Billet invité.
« La perspective d’une hausse des taux d’intérêt aux États-Unis et le ralentissement en Chine alimentent une incertitude et une plus forte volatilité des marchés », s’alarme Christine Lagarde en prélude de l’assemblée générale du FMI à Lima (en termes moins choisis : des masses de capitaux sont à la recherche d’affectation, sans se soucier des dégâts qu’ils commettent). La conjonction des deux phénomènes est également redoutée en raison de son impact sur une croissance des pays émergents, jugée « décevante » (traduire : démentant une fois de plus les prévisions), ainsi que sur la croissance mondiale. On a connu plus optimiste.

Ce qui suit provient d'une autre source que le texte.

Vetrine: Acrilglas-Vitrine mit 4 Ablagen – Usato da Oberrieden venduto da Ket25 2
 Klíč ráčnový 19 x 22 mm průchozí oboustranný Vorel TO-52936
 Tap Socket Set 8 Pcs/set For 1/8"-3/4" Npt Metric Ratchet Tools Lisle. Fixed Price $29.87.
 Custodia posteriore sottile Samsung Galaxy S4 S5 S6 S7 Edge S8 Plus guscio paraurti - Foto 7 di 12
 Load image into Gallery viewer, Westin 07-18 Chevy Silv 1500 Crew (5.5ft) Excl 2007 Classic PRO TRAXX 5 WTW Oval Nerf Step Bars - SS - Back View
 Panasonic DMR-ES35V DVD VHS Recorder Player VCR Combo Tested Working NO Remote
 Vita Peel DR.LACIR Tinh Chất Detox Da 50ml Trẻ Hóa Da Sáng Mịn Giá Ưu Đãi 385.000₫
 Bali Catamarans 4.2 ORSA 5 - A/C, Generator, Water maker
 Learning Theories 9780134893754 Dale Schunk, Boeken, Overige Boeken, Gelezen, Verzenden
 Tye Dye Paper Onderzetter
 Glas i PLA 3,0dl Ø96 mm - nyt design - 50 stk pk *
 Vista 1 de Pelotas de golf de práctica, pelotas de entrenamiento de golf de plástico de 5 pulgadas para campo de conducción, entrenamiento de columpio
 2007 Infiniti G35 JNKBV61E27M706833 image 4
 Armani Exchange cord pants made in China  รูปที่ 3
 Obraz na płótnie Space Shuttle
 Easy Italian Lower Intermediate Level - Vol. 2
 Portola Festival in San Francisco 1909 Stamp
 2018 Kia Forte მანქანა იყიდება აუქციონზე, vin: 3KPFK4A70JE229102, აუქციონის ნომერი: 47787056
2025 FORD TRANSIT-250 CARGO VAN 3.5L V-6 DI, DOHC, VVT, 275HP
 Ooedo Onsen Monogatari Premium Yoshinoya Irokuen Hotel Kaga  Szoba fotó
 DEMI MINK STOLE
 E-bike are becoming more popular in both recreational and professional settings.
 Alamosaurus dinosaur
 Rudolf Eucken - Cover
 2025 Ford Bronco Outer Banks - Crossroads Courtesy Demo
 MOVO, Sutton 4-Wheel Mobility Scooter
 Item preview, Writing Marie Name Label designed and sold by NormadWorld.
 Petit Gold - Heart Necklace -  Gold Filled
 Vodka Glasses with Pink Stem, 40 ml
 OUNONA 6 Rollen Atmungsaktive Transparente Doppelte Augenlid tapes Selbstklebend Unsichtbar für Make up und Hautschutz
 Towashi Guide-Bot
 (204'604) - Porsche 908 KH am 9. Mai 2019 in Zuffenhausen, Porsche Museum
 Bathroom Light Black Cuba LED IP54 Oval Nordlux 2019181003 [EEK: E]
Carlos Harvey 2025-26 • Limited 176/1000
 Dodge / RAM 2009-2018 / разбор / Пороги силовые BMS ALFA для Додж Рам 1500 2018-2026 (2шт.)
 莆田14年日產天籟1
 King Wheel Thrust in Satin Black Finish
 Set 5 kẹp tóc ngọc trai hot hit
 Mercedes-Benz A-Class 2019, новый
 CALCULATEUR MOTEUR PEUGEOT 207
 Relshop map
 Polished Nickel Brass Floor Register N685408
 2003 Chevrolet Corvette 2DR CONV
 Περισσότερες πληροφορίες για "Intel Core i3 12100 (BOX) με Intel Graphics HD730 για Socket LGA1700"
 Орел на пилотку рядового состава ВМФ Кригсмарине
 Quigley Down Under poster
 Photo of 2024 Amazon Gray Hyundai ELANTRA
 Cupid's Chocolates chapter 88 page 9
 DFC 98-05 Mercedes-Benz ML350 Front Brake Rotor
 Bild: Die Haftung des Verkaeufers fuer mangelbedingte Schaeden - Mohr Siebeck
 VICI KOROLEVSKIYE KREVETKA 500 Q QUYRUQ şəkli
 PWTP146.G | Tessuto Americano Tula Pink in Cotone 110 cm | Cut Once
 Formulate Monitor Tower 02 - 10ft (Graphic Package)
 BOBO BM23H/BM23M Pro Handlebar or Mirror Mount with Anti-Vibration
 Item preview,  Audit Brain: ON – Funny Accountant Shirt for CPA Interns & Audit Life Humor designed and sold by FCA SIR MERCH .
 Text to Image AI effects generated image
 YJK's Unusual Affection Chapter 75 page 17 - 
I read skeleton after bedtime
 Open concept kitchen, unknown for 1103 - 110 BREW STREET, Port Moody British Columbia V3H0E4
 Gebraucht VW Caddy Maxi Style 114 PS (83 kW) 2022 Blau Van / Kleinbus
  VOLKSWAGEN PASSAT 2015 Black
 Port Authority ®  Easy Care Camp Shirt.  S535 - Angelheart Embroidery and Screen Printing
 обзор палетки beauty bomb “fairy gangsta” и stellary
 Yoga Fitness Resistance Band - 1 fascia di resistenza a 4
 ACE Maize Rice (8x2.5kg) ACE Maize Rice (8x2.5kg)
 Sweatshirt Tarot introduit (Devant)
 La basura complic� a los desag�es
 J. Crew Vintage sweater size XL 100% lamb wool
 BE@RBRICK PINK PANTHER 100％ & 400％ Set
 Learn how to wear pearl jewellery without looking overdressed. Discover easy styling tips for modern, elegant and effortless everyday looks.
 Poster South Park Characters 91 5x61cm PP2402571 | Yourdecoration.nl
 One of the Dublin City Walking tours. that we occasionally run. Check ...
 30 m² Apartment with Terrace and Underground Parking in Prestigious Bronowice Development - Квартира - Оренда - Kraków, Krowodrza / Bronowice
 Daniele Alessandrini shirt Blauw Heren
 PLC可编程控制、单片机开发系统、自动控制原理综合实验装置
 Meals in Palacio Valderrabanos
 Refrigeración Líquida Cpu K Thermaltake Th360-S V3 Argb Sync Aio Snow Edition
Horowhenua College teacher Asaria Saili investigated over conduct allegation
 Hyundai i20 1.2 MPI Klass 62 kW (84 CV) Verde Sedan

Partie pour être durable en raison de la baisse de la croissance chinoise, la chute du cours des matières premières a un fort impact sur les finances des pays qui en sont les grands exportateurs, notamment le Brésil et la Russie. Le phénomène contribue à la décélération du commerce mondial, que souligne l’Organisation mondiale du commerce (OMC). L’époque où les échanges internationaux progressaient deux fois plus vite que l’économie est révolue et la tendance s’inverse, signalant que les temps ont décidément changé où que l’on tourne la tête.
Le confirmant, l’Institut international de la finance (IIF) estime que le « super-cycle de croissance des pays émergents » de ces vingt dernières années semble à sa fin, rejoignant les analyses qui considèrent terminée l’ère de « l’hyper globalisation ». Afin de se rassurer, il y est trouvé des raisons structurelles, comme le poids croissant des services dans les économies développées, qui se prêtent peu aux échanges commerciaux sur lesquels les pays émergents ont bâti leur croissance.
La perspective d’une hausse prochaine du taux principal de la Fed contribue à des sorties de capitaux qui étaient venus y chercher de la rentabilité, mais le phénomène est accentué par une baisse de leurs entrées liée aux incertitudes propres aux pays émergents. Au final, selon l’IIF, les 30 pays du périmètre étudié devraient connaître en 2015 des sorties nettes de 541 milliards de dollars.
Les conséquences de la hausse prévisible du dollar ne se limitent pas à ce phénomène. Comme le FMI le note, la dette des entreprises des pays émergents a explosé durant la dernière décennie, plus particulièrement depuis 2008, passée durant cette période de 4.000 milliards à 18.000 milliards de dollars. Dans le contexte du ralentissement de la croissance actuel, Le remboursement de cette dette soulève une interrogation majeure, pouvant expliquer que le FMI est si catégoriquement défavorable à la hausse du taux de la Fed, car elle est très souvent libellée en dollars.
L’IIF voit dans cette situation un trait de vulnérabilité important : « Les pays avec de hauts niveaux d’endettement des entreprises, particulièrement en dollars, auront des difficultés, avec des risques grandissants de défaillances d’entreprises, un affaiblissement des investissements et de la croissance ». L’attention s’est abusivement exclusivement portée sur la menace représentée par la croissance de la dette publique dans les pays développés, négligeant cette dette privée des pays émergents qui d’un seul coup pose problème.
La dette (publique comme privée) et la croissance sont décidément les deux grands sujets du moment, le remboursement de l’une dépendant de l’autre. Parlant de cette dernière, la Banque Mondiale fait entendre un nouveau son de cloche et prend toutes ses distances avec la théorie selon laquelle les miettes tombent de la table du festin. Selon Jim Yong Kim, son président, « focaliser sur la croissance du PIB est simpliste. Nous rejetons les approches qui prennent pour acquis que tout type de croissance imprègne et fortifie les fondations et rejaillisse sur les pauvres ». Il appartient aux États de trouver un mode de croissance qui « promeut les citoyens les plus pauvres plutôt que de maintenir ceux qui sont en haut de l’échelle ». Posée, l’équation n’est pas résolue.